The other day, a friend and I had breakfast at City State Diner on NE 28th. I’ve only discovered them in the last couple of months, and in my opinion they have the best biscuits and gravy in Portland. Hell yeah!
So anyway, I ordered the biscuits and gravy, and asked for my eggs to be over easy. Our waiter asked if I wanted grits or potatoes. Hmm, I’m not usually a big grits fan but… sure, grits, why not. He vanishes, I enjoy strong black coffee and chat with my pal.
A cook comes from the kitchen and delivers our plates, and I do a double-take. What?! What was delivered were two triangular slabs of dense corn meal cake, about an inch thick, with a slight sear on it. That’s not corn meal, that’s polenta! I wasn’t upset, I like polenta, but I was more than a little bewildered.
In a couple of minutes, the waiter stopped by to ask if everything was okay. I said, “I’m not upset, and I don’t want to send anything back, but… are these really grits? Because I’d sure as heck call this polenta.” My waiter immediately sounded apologetic. “Are you maybe from the South? ’cause I’m from Memphis, and yeah, there’s no way we would call that grits either.” I immediately broken into a grin. “No way, you’re from Memphis, too?! What high school?” We swapped pedigrees and exchanged a terrorist fist bump over having escaped from Memphis.

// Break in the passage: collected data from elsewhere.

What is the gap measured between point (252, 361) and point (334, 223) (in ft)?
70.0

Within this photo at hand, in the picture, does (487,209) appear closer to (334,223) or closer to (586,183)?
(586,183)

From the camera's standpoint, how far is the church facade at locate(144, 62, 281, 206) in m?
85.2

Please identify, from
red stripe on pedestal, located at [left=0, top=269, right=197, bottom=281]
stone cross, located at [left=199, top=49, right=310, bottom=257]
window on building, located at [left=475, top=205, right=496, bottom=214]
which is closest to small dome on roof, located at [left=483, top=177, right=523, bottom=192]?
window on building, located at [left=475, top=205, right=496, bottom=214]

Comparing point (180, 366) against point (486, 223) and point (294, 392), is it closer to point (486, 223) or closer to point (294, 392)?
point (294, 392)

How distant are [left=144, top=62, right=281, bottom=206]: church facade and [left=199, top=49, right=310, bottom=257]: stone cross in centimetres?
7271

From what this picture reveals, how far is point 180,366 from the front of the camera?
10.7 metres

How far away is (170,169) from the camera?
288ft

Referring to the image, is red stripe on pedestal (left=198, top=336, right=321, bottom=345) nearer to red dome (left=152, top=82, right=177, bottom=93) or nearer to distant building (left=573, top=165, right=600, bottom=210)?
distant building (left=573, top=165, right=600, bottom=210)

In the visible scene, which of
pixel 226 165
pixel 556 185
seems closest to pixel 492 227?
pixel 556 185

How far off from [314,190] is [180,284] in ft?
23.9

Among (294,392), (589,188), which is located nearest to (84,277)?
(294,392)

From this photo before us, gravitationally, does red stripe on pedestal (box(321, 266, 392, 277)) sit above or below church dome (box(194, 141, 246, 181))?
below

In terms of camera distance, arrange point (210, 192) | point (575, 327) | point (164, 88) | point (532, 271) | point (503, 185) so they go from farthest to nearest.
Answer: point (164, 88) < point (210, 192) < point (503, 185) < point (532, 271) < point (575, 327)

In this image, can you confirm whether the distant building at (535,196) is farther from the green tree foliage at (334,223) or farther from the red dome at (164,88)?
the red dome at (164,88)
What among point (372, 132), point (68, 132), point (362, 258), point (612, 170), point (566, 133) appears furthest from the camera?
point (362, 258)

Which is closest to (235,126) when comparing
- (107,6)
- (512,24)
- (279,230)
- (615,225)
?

I then told him to prepare to be green with envy, because my old man had sent me real, honest-to-goodness pulled-pork barbecue from Memphis for Xmas. I said, “You know, I like Russell Street BBQ well enough, but really nothing quite compares to real Memphis barbecue.” His ears perked up. “What? Portland has barbecue? Where? What’s the name again?” So I got to clue him into a local BBQ joint, which made me happy.